* **WHAT YOU NEED TO DO**
Provide again, from the entries below, every line from the one containing "Konutder’den uygun arsa" through the one containing "Kia Optima Optima", exactly as written, and no other line.

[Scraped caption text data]

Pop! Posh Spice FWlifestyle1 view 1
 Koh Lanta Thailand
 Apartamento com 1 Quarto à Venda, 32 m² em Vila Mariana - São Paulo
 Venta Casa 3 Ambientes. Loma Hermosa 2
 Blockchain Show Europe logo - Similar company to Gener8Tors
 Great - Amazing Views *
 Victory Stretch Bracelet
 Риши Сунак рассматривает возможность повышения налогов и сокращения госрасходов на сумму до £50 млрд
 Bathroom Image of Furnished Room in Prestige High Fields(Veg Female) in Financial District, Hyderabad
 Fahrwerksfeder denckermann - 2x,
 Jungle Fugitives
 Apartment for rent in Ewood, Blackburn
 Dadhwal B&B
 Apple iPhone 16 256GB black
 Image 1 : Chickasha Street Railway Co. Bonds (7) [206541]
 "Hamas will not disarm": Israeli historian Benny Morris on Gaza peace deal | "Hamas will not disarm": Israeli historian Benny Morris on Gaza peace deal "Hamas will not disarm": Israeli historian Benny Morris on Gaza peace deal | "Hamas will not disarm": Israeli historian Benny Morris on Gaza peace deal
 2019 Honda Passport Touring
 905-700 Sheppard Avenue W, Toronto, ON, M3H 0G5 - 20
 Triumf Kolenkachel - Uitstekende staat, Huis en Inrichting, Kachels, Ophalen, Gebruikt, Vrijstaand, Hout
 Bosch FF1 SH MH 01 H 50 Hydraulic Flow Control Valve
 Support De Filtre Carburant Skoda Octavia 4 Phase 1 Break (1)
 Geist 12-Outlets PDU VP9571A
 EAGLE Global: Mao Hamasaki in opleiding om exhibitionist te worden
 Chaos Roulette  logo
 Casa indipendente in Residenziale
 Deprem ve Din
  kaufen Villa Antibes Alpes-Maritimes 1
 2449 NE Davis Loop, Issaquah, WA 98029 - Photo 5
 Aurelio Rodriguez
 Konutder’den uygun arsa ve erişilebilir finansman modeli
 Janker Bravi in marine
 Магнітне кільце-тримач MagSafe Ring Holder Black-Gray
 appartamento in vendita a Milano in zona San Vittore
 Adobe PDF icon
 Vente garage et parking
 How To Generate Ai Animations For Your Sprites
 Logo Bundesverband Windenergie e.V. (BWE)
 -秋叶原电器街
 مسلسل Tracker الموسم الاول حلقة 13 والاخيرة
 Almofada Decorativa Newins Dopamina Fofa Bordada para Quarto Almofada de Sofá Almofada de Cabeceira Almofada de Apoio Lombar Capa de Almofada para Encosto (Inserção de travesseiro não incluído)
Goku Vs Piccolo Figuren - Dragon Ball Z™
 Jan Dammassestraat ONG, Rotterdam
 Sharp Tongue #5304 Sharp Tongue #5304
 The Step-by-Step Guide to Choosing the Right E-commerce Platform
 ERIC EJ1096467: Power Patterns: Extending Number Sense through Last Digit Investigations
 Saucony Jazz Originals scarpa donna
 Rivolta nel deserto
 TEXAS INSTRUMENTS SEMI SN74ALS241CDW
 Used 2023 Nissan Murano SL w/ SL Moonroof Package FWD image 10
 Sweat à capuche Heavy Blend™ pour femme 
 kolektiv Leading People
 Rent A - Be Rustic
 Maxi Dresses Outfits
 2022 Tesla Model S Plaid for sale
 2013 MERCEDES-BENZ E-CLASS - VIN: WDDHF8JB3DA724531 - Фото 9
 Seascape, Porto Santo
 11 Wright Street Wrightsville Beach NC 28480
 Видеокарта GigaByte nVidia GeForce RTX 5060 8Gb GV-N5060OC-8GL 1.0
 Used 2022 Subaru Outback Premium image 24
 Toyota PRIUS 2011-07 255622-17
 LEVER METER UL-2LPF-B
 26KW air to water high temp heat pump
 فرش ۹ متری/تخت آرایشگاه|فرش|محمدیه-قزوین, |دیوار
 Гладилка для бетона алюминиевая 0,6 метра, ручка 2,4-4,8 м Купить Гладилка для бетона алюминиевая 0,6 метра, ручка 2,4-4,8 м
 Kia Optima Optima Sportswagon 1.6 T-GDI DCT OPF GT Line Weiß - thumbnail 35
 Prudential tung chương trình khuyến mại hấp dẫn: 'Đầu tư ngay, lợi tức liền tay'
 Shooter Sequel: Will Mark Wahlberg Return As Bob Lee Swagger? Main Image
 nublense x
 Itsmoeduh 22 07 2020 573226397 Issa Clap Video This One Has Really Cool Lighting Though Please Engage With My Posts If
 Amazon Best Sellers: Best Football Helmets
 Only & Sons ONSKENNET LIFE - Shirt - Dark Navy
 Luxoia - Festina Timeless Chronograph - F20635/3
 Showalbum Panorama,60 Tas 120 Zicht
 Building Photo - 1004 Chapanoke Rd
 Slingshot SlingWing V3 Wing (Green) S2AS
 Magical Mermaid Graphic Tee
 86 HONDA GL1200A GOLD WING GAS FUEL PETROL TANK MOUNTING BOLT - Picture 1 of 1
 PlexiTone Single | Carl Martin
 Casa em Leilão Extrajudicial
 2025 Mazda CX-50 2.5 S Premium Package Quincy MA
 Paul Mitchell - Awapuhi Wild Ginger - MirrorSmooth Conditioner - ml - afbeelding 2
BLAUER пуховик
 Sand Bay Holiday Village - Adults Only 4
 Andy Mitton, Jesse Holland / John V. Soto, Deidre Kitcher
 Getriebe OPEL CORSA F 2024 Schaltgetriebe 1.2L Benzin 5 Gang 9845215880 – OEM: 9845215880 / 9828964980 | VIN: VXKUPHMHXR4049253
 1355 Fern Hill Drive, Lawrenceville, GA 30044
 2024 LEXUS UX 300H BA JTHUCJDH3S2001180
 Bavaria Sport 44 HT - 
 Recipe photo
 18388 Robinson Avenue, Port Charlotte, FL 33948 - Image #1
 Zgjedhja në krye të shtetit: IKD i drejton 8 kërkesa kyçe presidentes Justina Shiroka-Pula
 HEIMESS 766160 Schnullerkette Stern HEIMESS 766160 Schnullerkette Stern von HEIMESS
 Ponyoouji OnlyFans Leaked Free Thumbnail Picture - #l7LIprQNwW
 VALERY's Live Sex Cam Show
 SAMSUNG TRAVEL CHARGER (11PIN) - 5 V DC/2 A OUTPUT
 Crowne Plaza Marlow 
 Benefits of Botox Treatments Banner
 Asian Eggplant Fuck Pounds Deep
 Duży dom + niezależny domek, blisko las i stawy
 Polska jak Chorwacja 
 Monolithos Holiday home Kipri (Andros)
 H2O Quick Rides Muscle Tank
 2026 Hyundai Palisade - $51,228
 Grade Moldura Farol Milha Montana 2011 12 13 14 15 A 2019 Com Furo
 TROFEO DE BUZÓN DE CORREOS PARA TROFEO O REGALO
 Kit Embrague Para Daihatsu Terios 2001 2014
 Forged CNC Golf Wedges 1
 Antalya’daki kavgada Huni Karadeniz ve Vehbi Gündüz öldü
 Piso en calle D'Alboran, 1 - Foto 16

* **ANSWER SPACE**
 Konutder’den uygun arsa ve erişilebilir finansman modeli
 Janker Bravi in marine
 Магнітне кільце-тримач MagSafe Ring Holder Black-Gray
 appartamento in vendita a Milano in zona San Vittore
 Adobe PDF icon
 Vente garage et parking
 How To Generate Ai Animations For Your Sprites
 Logo Bundesverband Windenergie e.V. (BWE)
 -秋叶原电器街
 مسلسل Tracker الموسم الاول حلقة 13 والاخيرة
 Almofada Decorativa Newins Dopamina Fofa Bordada para Quarto Almofada de Sofá Almofada de Cabeceira Almofada de Apoio Lombar Capa de Almofada para Encosto (Inserção de travesseiro não incluído)
Goku Vs Piccolo Figuren - Dragon Ball Z™
 Jan Dammassestraat ONG, Rotterdam
 Sharp Tongue #5304 Sharp Tongue #5304
 The Step-by-Step Guide to Choosing the Right E-commerce Platform
 ERIC EJ1096467: Power Patterns: Extending Number Sense through Last Digit Investigations
 Saucony Jazz Originals scarpa donna
 Rivolta nel deserto
 TEXAS INSTRUMENTS SEMI SN74ALS241CDW
 Used 2023 Nissan Murano SL w/ SL Moonroof Package FWD image 10
 Sweat à capuche Heavy Blend™ pour femme 
 kolektiv Leading People
 Rent A - Be Rustic
 Maxi Dresses Outfits
 2022 Tesla Model S Plaid for sale
 2013 MERCEDES-BENZ E-CLASS - VIN: WDDHF8JB3DA724531 - Фото 9
 Seascape, Porto Santo
 11 Wright Street Wrightsville Beach NC 28480
 Видеокарта GigaByte nVidia GeForce RTX 5060 8Gb GV-N5060OC-8GL 1.0
 Used 2022 Subaru Outback Premium image 24
 Toyota PRIUS 2011-07 255622-17
 LEVER METER UL-2LPF-B
 26KW air to water high temp heat pump
 فرش ۹ متری/تخت آرایشگاه|فرش|محمدیه-قزوین, |دیوار
 Гладилка для бетона алюминиевая 0,6 метра, ручка 2,4-4,8 м Купить Гладилка для бетона алюминиевая 0,6 метра, ручка 2,4-4,8 м
 Kia Optima Optima Sportswagon 1.6 T-GDI DCT OPF GT Line Weiß - thumbnail 35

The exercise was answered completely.